Friday, March 17, 2006

White Collar Sentences Are Up

The hot topic in sentencing right now is the United States Sentencing Commission's post-Booker report.Professor Doug Berman's blog has been reporting on this document (see here). Unfortunately we can't give you the link, because as pointed out by Professor Berman, it is suddenly missing from the US Sentencing Commission's website and is no where to be found. (see here).  But assuming it reappears, here are some comments regarding the report and white collar crime.

There is a good bit of data provided about the Theft & Fraud Guidelines (2B1.1) scattered throughout the document.  And I even found the words "white collar crime" mentioned on page 76 of the report, but what is included within the term is not mentioned. Was it limited to fraud/theft? Did it include antitrust?  Did it include mail fraud that served as predicate acts for RICO? 

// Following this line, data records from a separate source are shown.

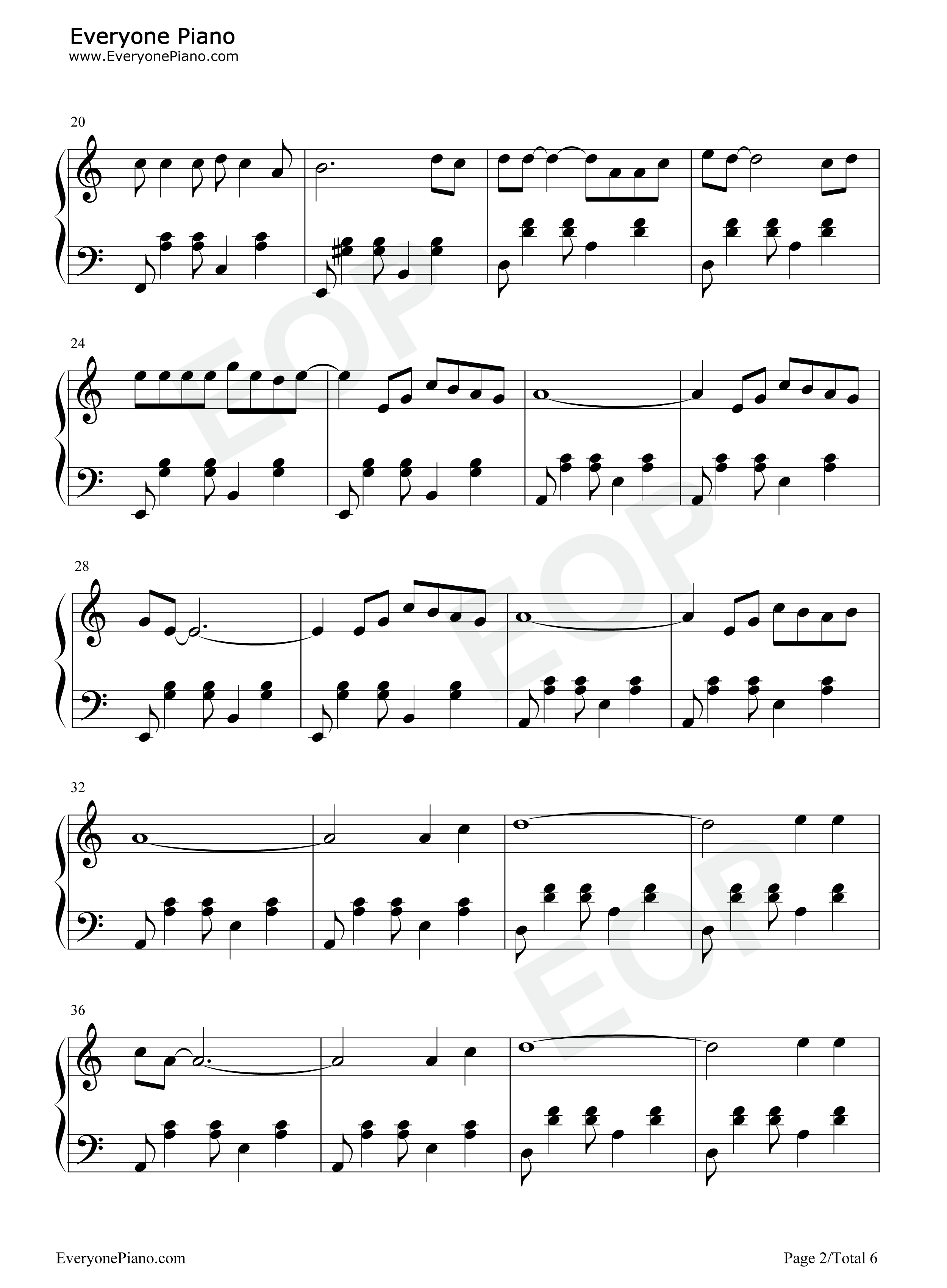 不要再来伤害我钢琴谱_张振宇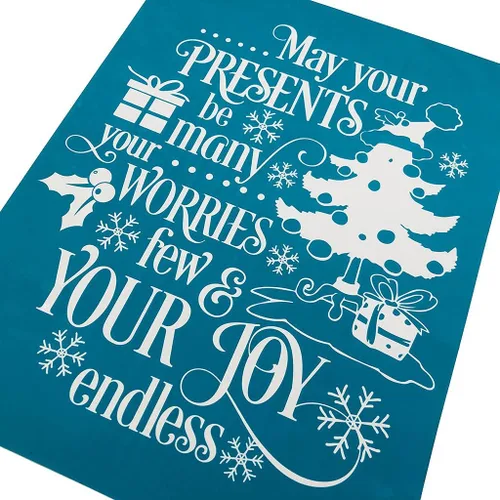 Miniatura 7 de appuivbt Plantilla autoadhesiva de serigrafía para árbol de Navidad, plantillas reutilizables para pintar sobre decoración de camisetas de madera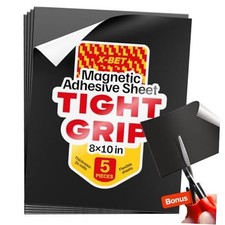 DIY Craft Magnetic Sheets with adhesive backing - 8x10" 8  x 10  , 5 pack 5 pcs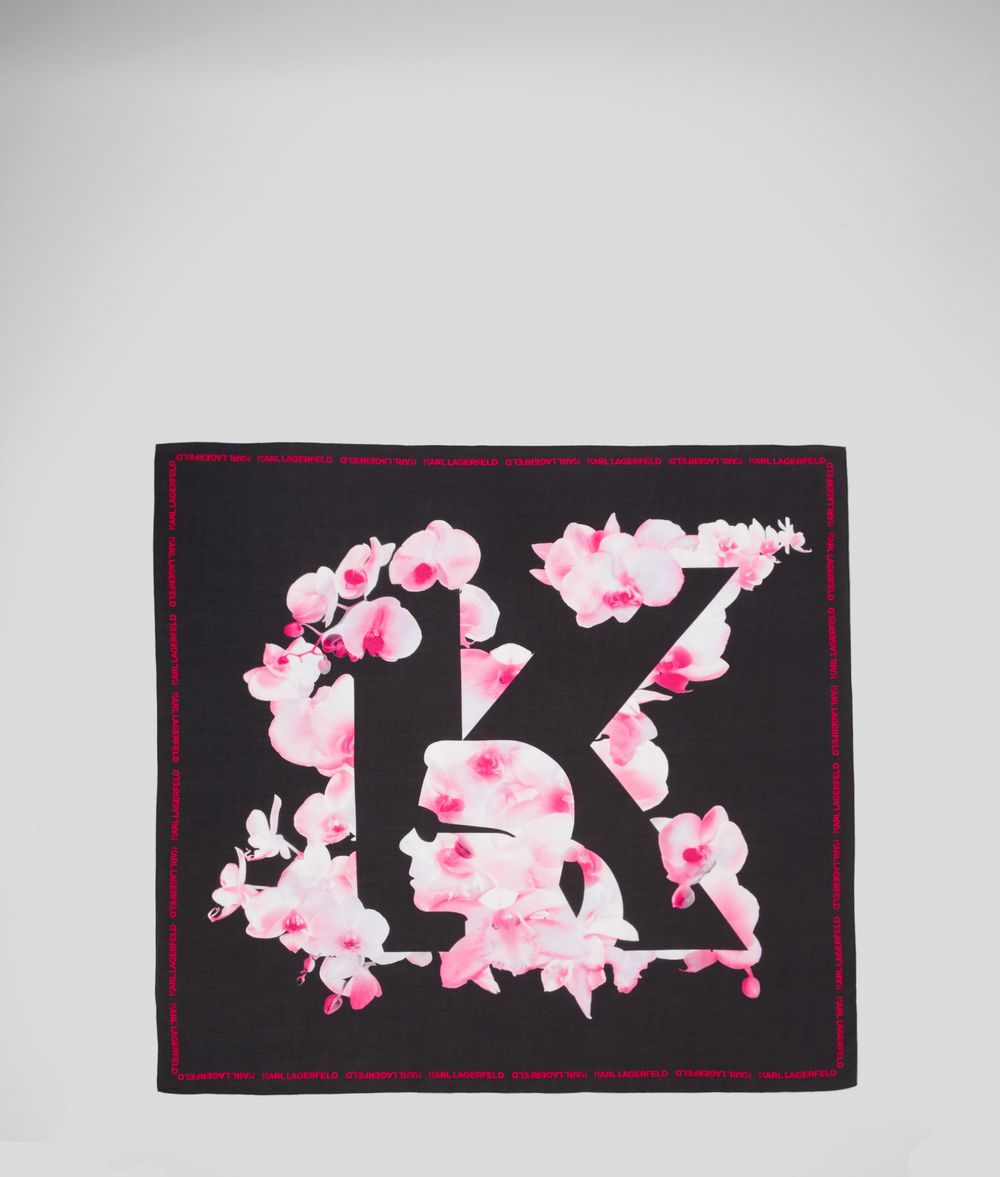Karl Lagerfeld Donna K/orchid Foulard Multi 76% Modal, 24% Seta, Taglia: OneSize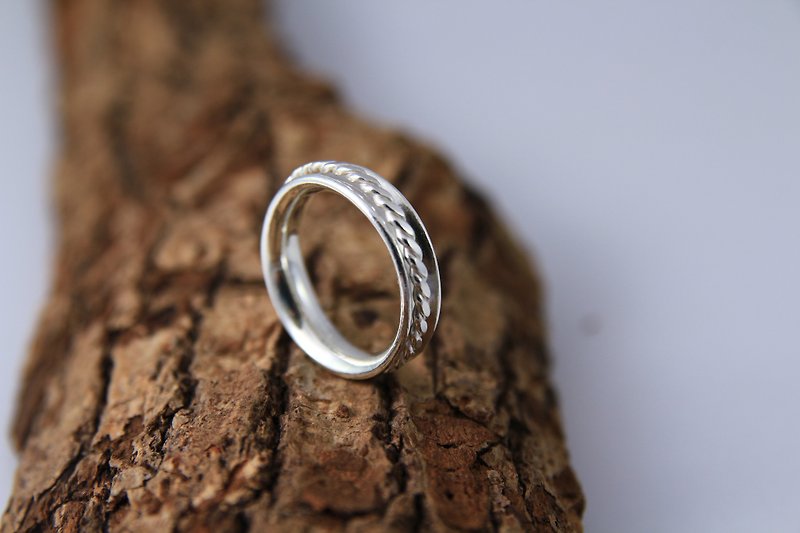 Sterling Silver Ring / Rolling Ring - General Rings - Silver Silver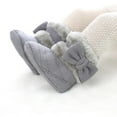 thumbnail image 4 of Baby Girl Plush Winter Snow Bowknot Boots,Soft Sole Fleece Warmer Anti-Slip Toddlers Infant Prewalker Booties Shoes, 4 of 5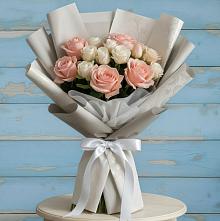 Букет цветов из:  Розы #REPLACE_PRED# Канеловской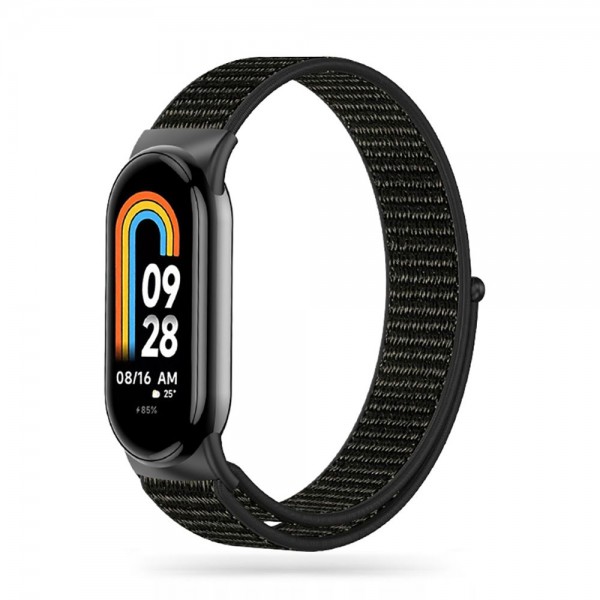 Tech-Protect Nylon Λουράκι Υφασμάτινο Μαύρο για Xiaomi Smart Band 8/ 8 NFC/ 9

Page 74 recaps some significant data related to the fraud/theft guidelines.  It states:

"There likely are two factors contributing to the increased rate of imprisonment for theft and fraud offenders.  First, statutory and guideline penalties increased for many fraud offense as a result of the Commission's Economic Crime Package of 2001, the 2002 Sarbanes-Oxley Act and other recent legislation.  The proportion of cases sentenced under USSG s 2B1.1 that are subject to the higher base offense level of level seven under the guideline increased from 0.7 percent post-PROTECT Act to 13.7 percent post-Booker.  Second, the government may be prosecuting more serious economic crimes.  The amount of economic loss involved in theft and fraud cases has increased.  The medium loss amounts for cases with loss amounts sufficient to trigger a sentence increase from the loss table in USSG 2B1.1 increased during the three time periods from $38,060 pre-PROTECT Act, to $41,595 post-PROTECT Act, to $54,566 post-Booker.  These median loss amounts depict a steady increase in offense severity.  Additionally, the victim table at USSG 2B1.1(b)(2) is being applied at a steadily increased rate.  The victim-related increases applied to 9.9 percent of USSG 2B1.1 cases pre-PROTECT Act, 13.9 percent of cases post-PROTECT Act, and 16.7 percent of cases post-Booker."

To me this kind of sounds like the inflation and increase in the housing market down in the St Pete, Florida area. And if it is nothing more than inflation, shouldn't there be adjustments to the loss?  And what about the loss in some areas being higher than other areas ?  Did someone say the purpose of the sentencing guidelines was to achieve uniformity in sentencing? The bottom line - sentences are up.  So for all who were afraid that giving the judiciary some discretion would result in lower sentences, you better be looking for a new song to sing.